Sovon Vogelonderzoek NederlandVoor het broedvogelmeetnet van Sovon worden Tureluurs jaarlijks geteld. Het zijn vrij late broeders: eind mei is pas de helft van de kuikens uit het ei gekropen. Daarna duurt het nog drie à vier weken voordat de kuikens vliegvlug zijn. Ze broeden vooral in open, vochtige graslanden met het liefst brakke of zoute omstandigheden. Vogeltellers komen ze in allerlei gebieden tegen: in intensief gebruikt grasland, kruidenrijk grasland en natuurgebieden met bijvoorbeeld zowel pitrus als korter gras.

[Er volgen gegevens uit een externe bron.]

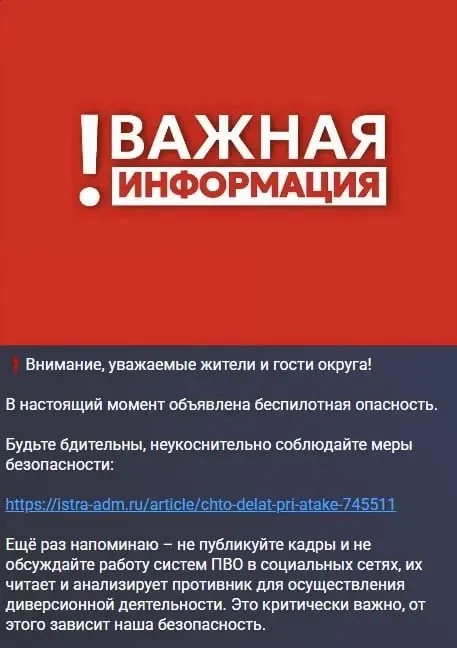 ❗️Опасность атаки БПЛА объявили в Московской области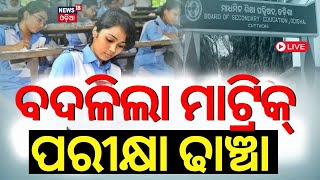 10th Exam News Live ମାଟ୍ରିକ୍ ପରୀକ୍ଷା ତାରିଖ ଘୋଷଣା  Odisha Matric Exam  10th Exam News  Odia News [upl. by Joselyn]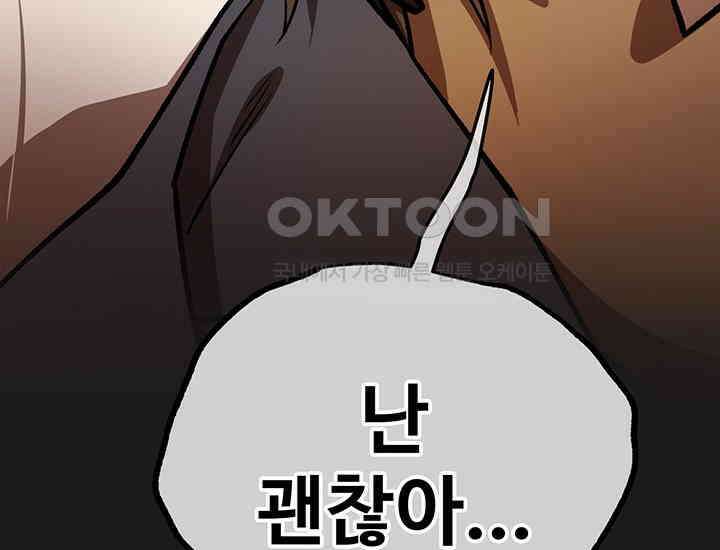 코스모의 미로 33화 28
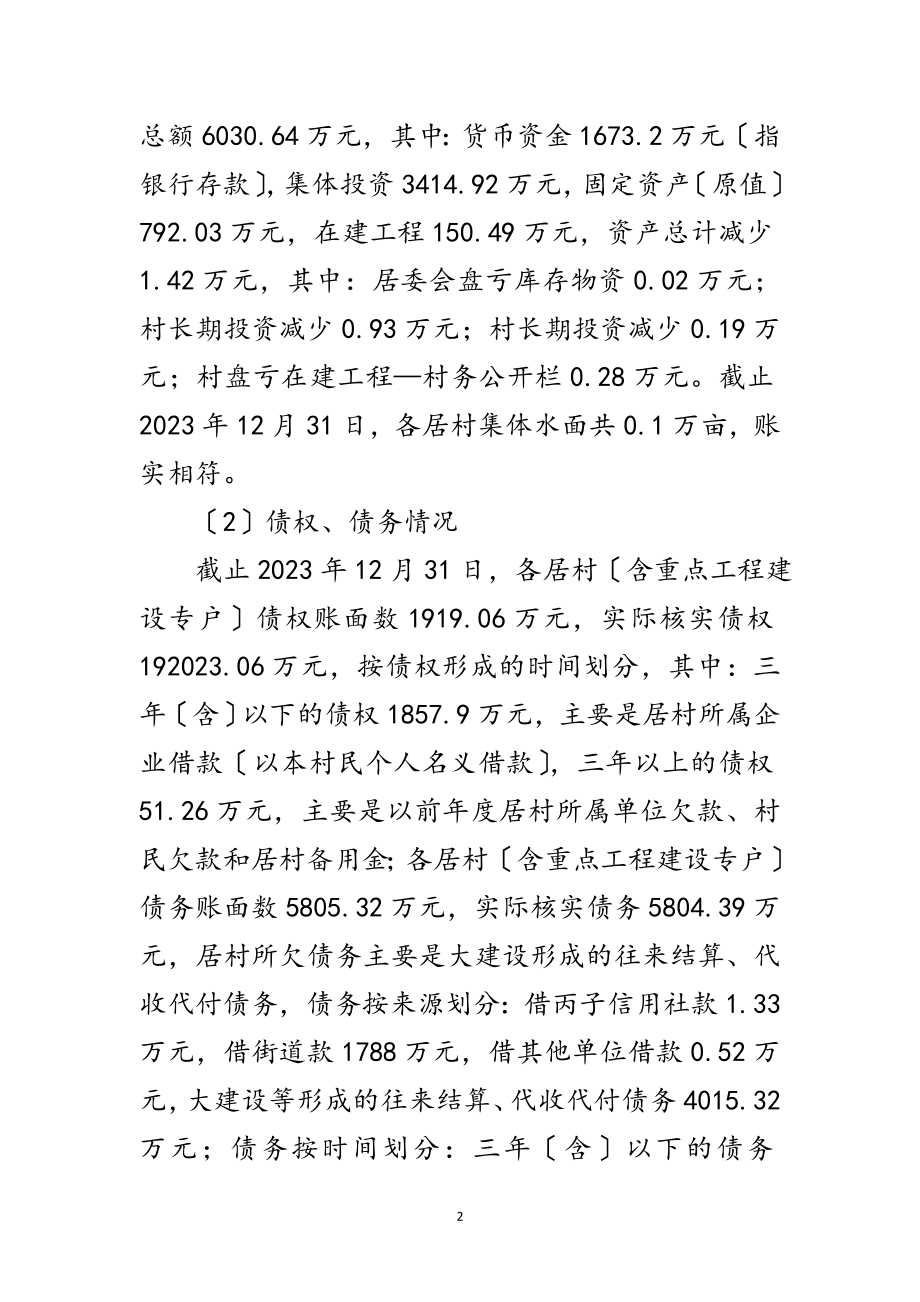 2023年农经站上半年工作总结3篇范文.doc_第2页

Ook op kwelders en schorren zijn ze te vinden.
Flexibele habitatkeuze
De Tureluur lijkt dus een bredere habitatkeuze te hebben dan de Grutto en de Kievit, twee andere karakteristieke boerenlandvogels. Het Verdronken Land van Saeftinghe is bijvoorbeeld een groot bolwerk van Tureluurs, terwijl er nauwelijks Grutto’s broeden. Maar ook in dit soort brakwatergebieden neemt de populatie af, in dezelfde mate als in het agrarisch gebied. Het broeden op de kwelders zal dus wat betreft aantalsontwikkelingen niet het verschil maken met de andere weidevogels. Wanneer we kijken naar de natuurgebieden, waar vaak speciale beheermaatregelen gelden, zien we dat het nestsucces hoger is. Maar dit is voor de andere weidevogelsoorten ook het geval.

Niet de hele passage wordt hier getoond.